Though this is not news, I am totally in love with HBO. The subscription-based network has premiered two female-driven shows within the month: Girls, which I wrote about recently, and Veep, the return of Julia Louis-Dreyfus.
Thanks to HBO, the first episode is streaming here. Basically, the gist of the show is the life of Selina Meyer (Julia Louis-Dreyfus) as the Vice President of the United States. The premiere did a wonderful job of setting the plot and showing its humor. (I am a big fan of Louis-Dreyfus from the Seinfeld days.
When Sarah Palin was in the running for Vice President, there was obviously a big splash on the political scene. I remember that the media covered her personal life as well as her politics, which ought to be covered when running for political office. However, it was interesting to see how the media honed in on her looks and femininity.
There is no doubt that Palin was viewed as a cougar and a sex symbol by some, and was always objectified. As far as my knowledge go, there were not many Presidents who were sexualized in the mainstream media, besides perhaps JFK. But when a woman had dreams of the White House, there was no shortage of judgment based on her looks. (To clarify, I did NOT agree with Sarah Palin’s politics, but she makes a wonderful example.
From a feminist standpoint, there are a few things that I noted as interesting:
- There was a moment when Meyer’s press team noted that someone continuously hacked into her Wikipedia page to change her weight.
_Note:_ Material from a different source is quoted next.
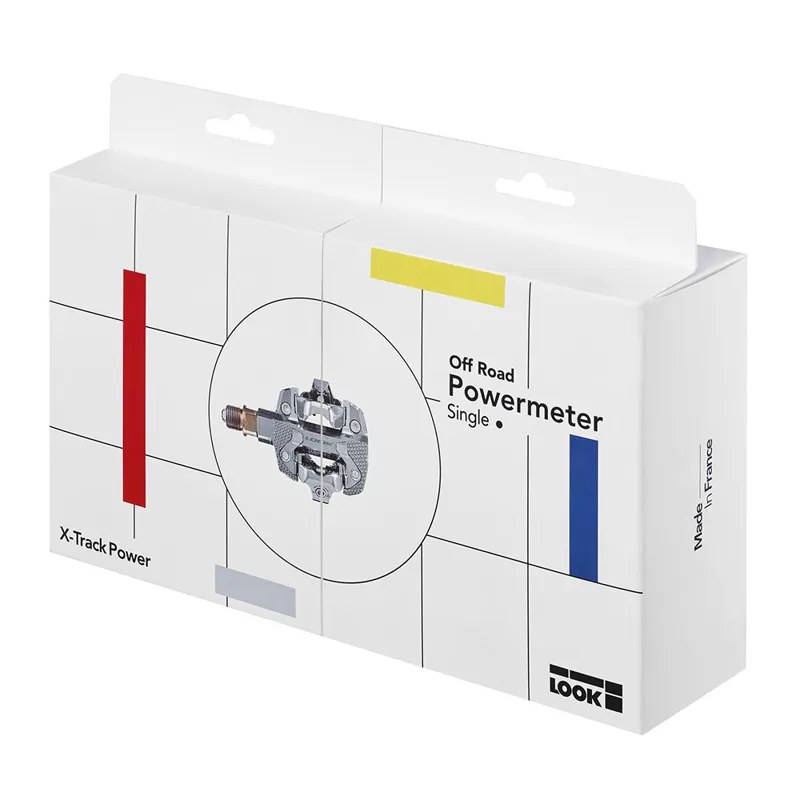 Look X-Track Single Sided Powermeter Pedals in Silver-5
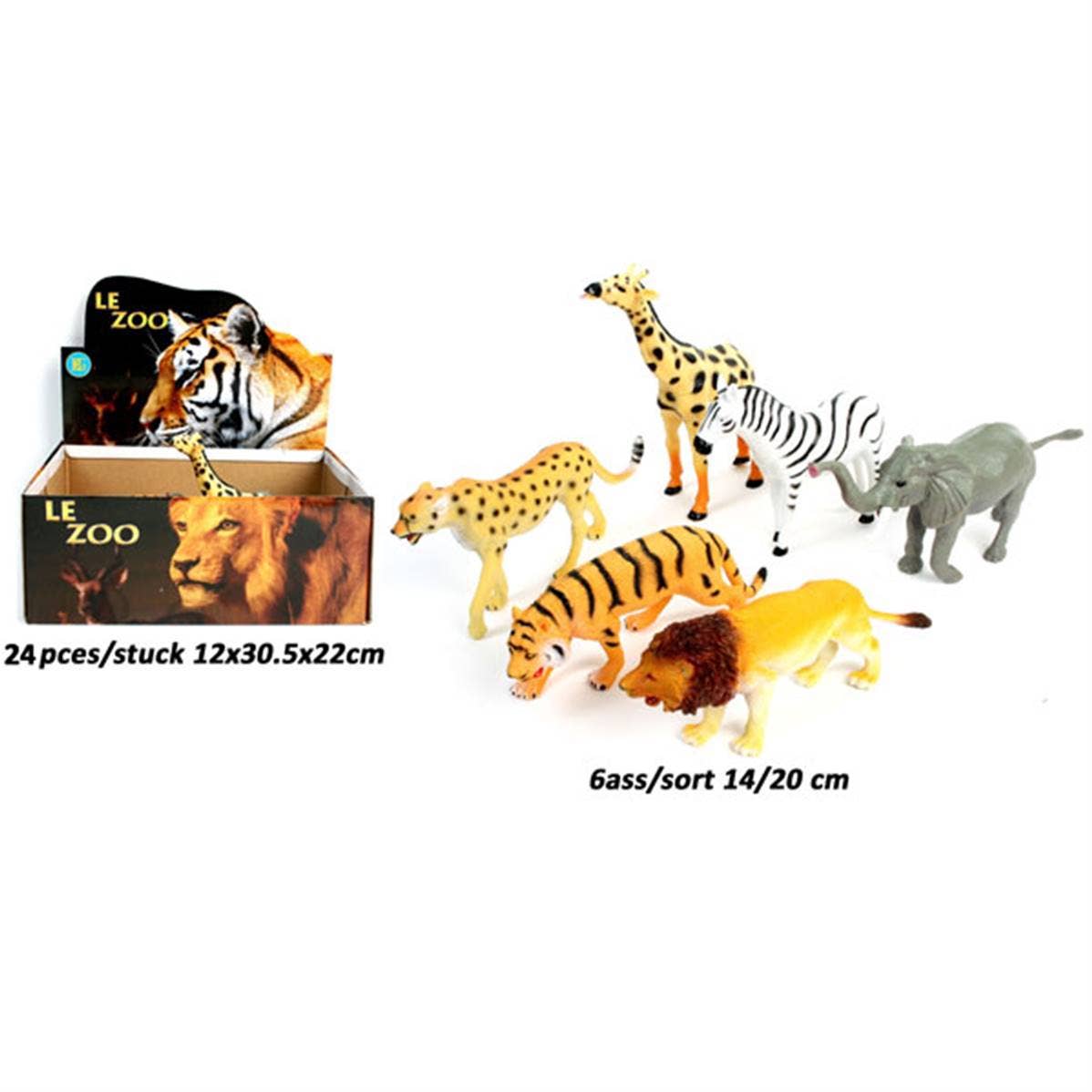 TSJJ - Wholesale Toy Set - Kids - Animal Zoo 14- 20 cm 6 Ass.0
- When giving a disastrous impromptu speech, she mentioned filling the President’s shoe, but didn’t realize he wore a ‘kitten heel.’
- When she asked a member of her team what her biggest mistakes on the campaign trail were, he replies: “You looked tired a lot and the hat—the hat hurt us. Your head looked weird in the hat”
- When a U.S. Senator dies, it is noted that Meyer had been molested when he grabbed her breast when she took office.
So far, I am digging Veep. The wit shines through while still creating drama and cliffhangers which entice me to watch this week. I’m really interested on the small jokes that will be incorporated because Meyer is a smart, independent woman who holds a great deal of power.